▶ Exercise prompt
Could you copy the data that follows exactly as written, but drop the pictures?
══ Information given ══
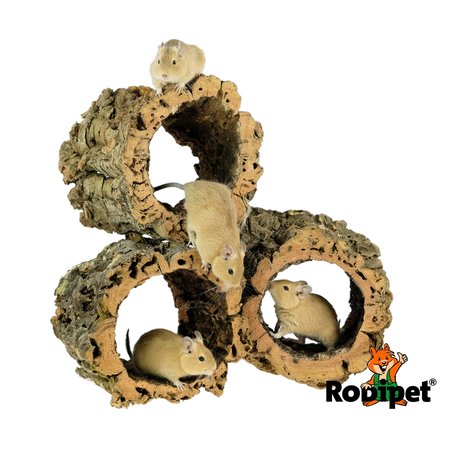 Rodipet Tunnel en liège L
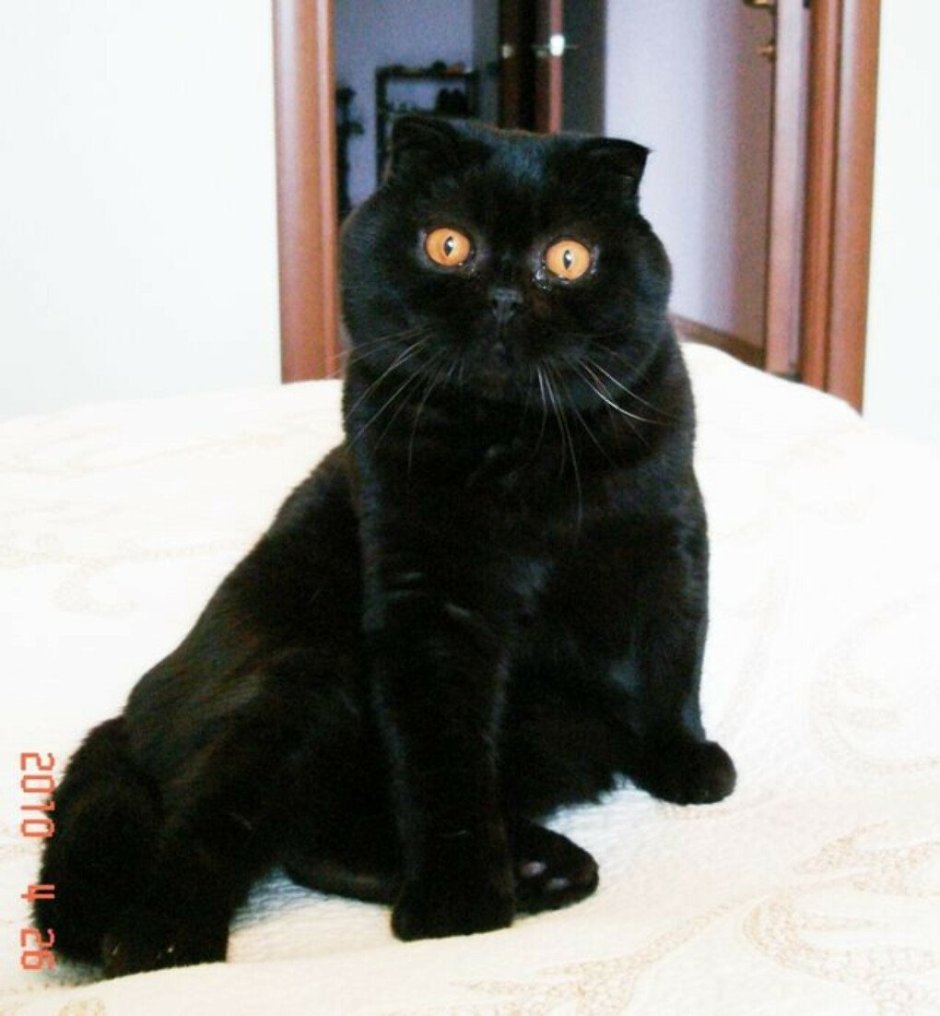 Шотландская вислоухая кошка черная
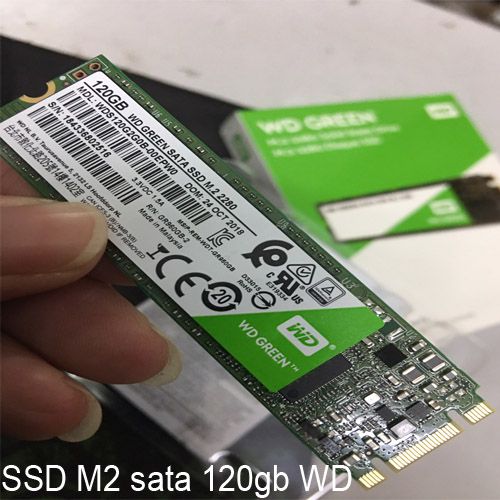 Ssd m2 sata wd green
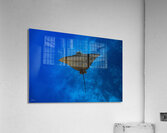 Aerial Acrylic Print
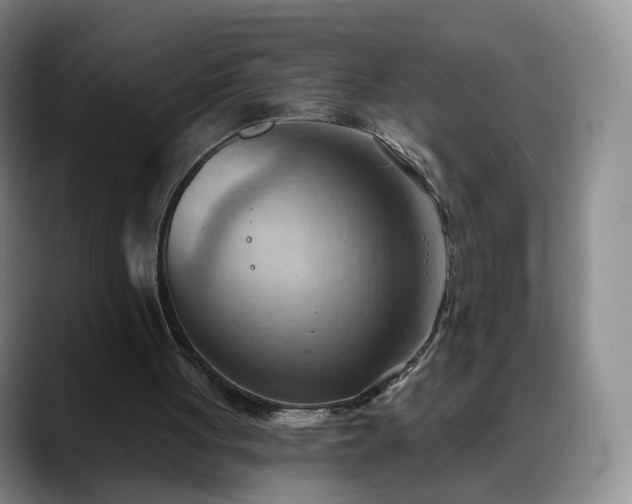 X0000088490051200705291656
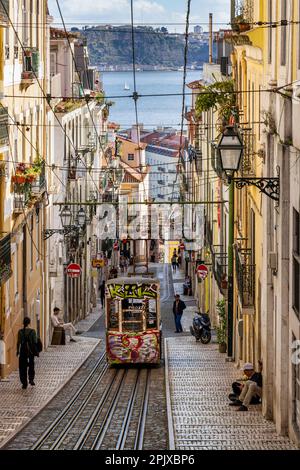 Elevador da Bica Seilbahn im Stadtzentrum von Lissabon, Portugal Stockfoto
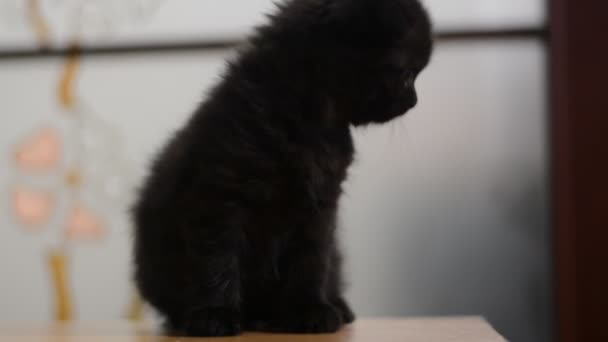 Kitten Kat Scottish Straight Losse Pluizige Dierlijke Munchkin — Stockvideo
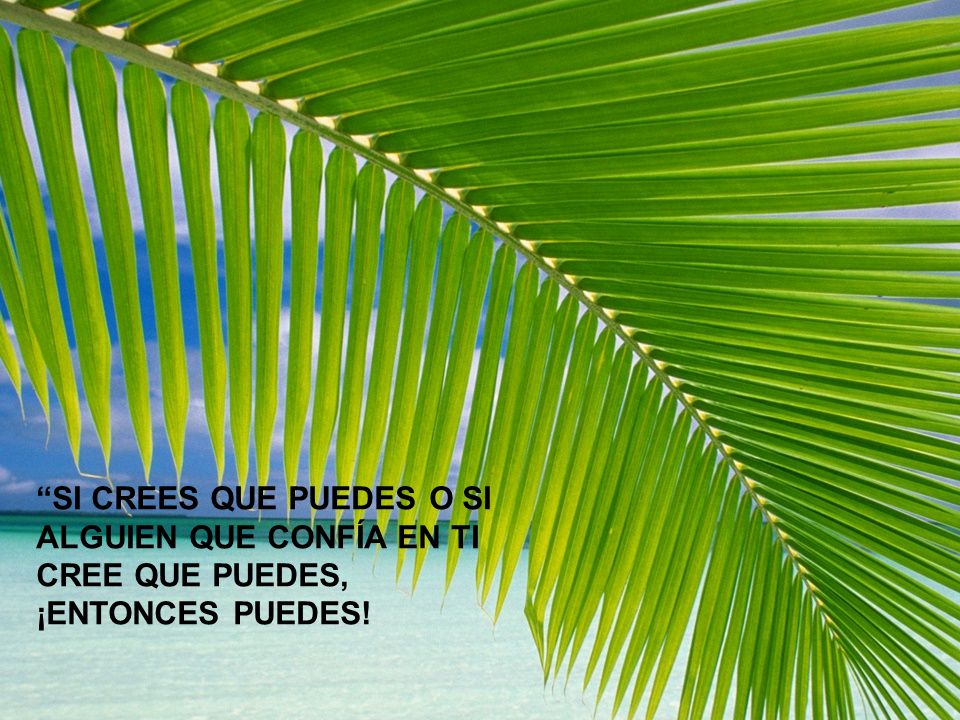 SI CREES QUE PUEDES O SI ALGUIEN QUE CONFÍA EN TI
═══
▶ Completed task
 Rodipet Tunnel en liège L
 Шотландская вислоухая кошка черная
 Ssd m2 sata wd green
 Aerial Acrylic Print
 X0000088490051200705291656
 Elevador da Bica Seilbahn im Stadtzentrum von Lissabon, Portugal Stockfoto
 Kitten Kat Scottish Straight Losse Pluizige Dierlijke Munchkin — Stockvideo
 SI CREES QUE PUEDES O SI ALGUIEN QUE CONFÍA EN TI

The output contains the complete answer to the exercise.